Every line of the listing below should come back exactly as written, with no images.

Data block =>
»»

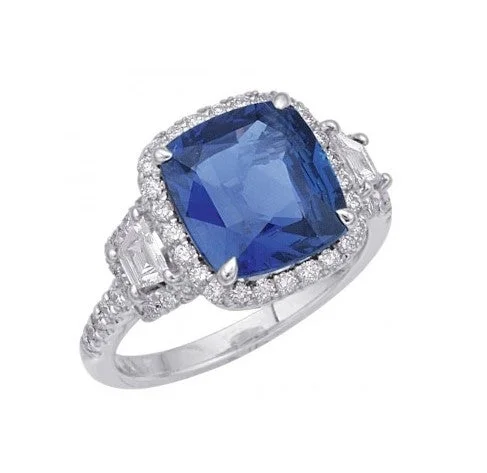 Best Shimmer Rings-Sapphire and Diamond Ring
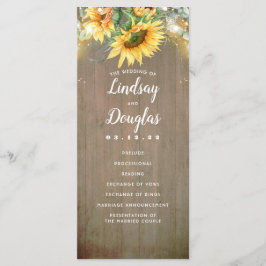 Solblommor Rustic Land Fall Wedding Programs Program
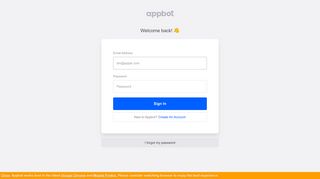 
                            1. Sign in to your Appbot account - Appbot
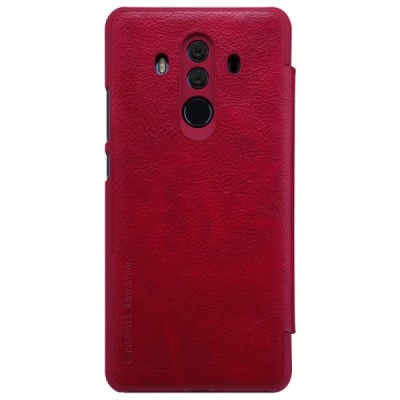 Greznais „Nillkin“ Qin sērijas ādas atvērams sarkans Huawei Mate 10 Pro maciņš / Vacins.lv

««

Written solution =>
 Best Shimmer Rings-Sapphire and Diamond Ring
 Solblommor Rustic Land Fall Wedding Programs Program
                            1. Sign in to your Appbot account - Appbot
 Greznais „Nillkin“ Qin sērijas ādas atvērams sarkans Huawei Mate 10 Pro maciņš / Vacins.lv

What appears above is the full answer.